Commentaire de Trib. trav. Liège (div. Namur), 26 mars 2019, R.G. 17/1.199/A

Mis en ligne le lundi 14 octobre 2019


Tribunal du travail de Liège (division Namur), 26 mars 2019, R.G. 17/1.199/A

Terra Laboris

Par jugement du 26 mars 2019, le Tribunal du travail de Liège (division Namur) donne sa lecture de la définition du licenciement manifestement déraisonnable au sens de l’article 8 de la C.C.T. n° 109 et rappelle l’étendue du contrôle judiciaire dans la vérification du motif de licenciement.

Les faits

Un employé, chef du département infirmier d’un centre psychiatrique, est licencié après huit mois d’exécution du contrat.

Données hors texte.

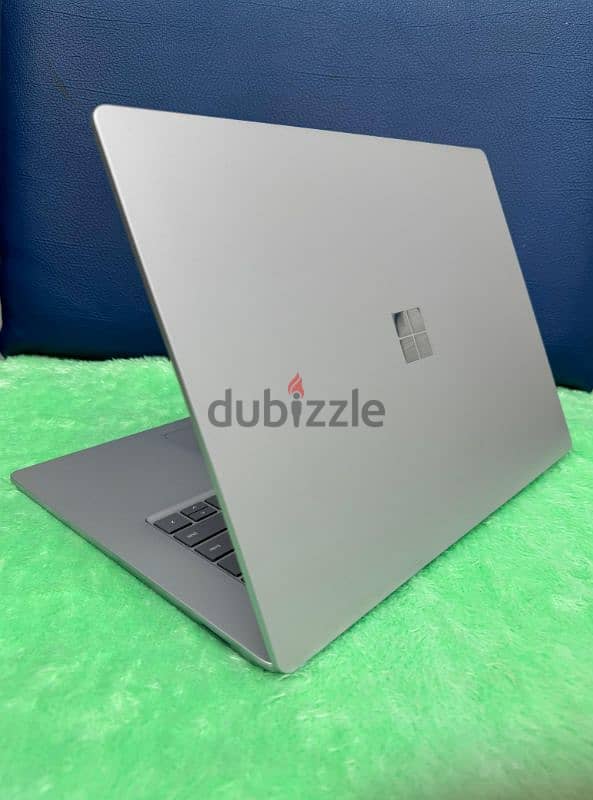 surface I7-10th 16gb 3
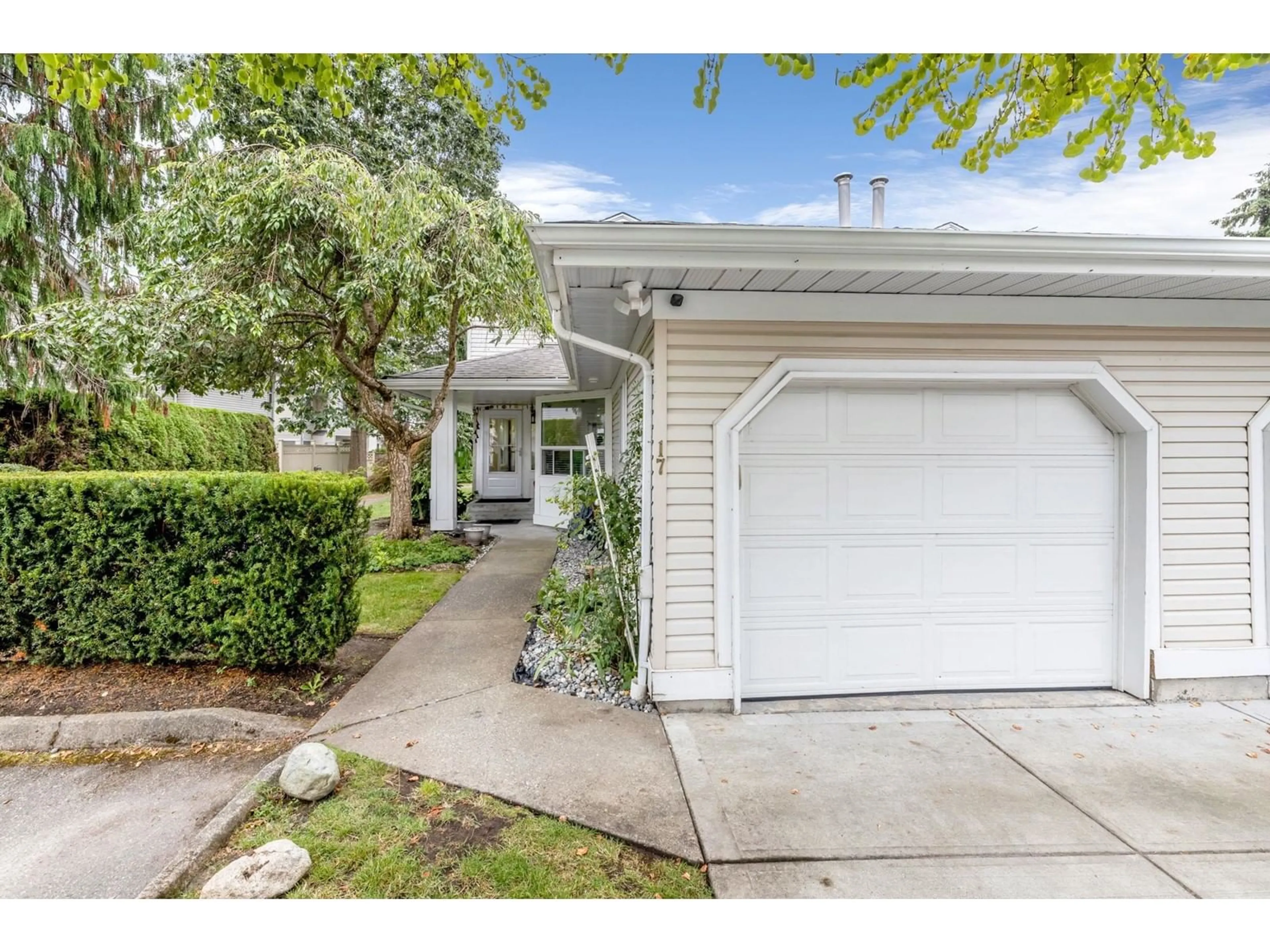 Home with vinyl exterior material, street for 17 - 6478 121, Surrey British Columbia V3W0Y5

Quelque temps après son engagement, suite à une inspection des services compétents de la Région wallonne, une mise en conformité est apparue indispensable et l’intéressé s’y attelle. Les relations avec le directeur du centre deviennent assez tendues et des reproches lui sont faits, reproches sur lesquels il s’explique. Il tombe alors en incapacité de travail et reçoit, trois semaines plus tard, notification de la rupture du contrat. Il y est fait état d’une décision prise par le Conseil d’Administration, le motif étant que la personne ne convient pas à la fonction de responsable du département. Une indemnité compensatoire de préavis est payée.

Une procédure sera introduite en demande de paiement d’une indemnité pour licenciement manifestement déraisonnable.

La décision du tribunal

Le tribunal fait un long rappel en droit, se fondant essentiellement sur une précédente décision, rendue le 21 novembre 2016 par le Tribunal du travail de Liège (Trib. trav. Liège, div. Dinant, 21 novembre 2016, R.G. 15/1.020/A). Ce rappel passe par la définition du licenciement, telle que donnée par l’article 8 de la C.C.T., et le commentaire de cette disposition est repris. Rappelant que celui-ci contient deux conditions cumulatives et que la double exigence (motif sans lien avec l’aptitude, la conduite ou les nécessités de fonctionnement de l’entreprise et décision que n’aurait pas prise un employeur normal et prudent), il considère que ceci relève du cas d’école.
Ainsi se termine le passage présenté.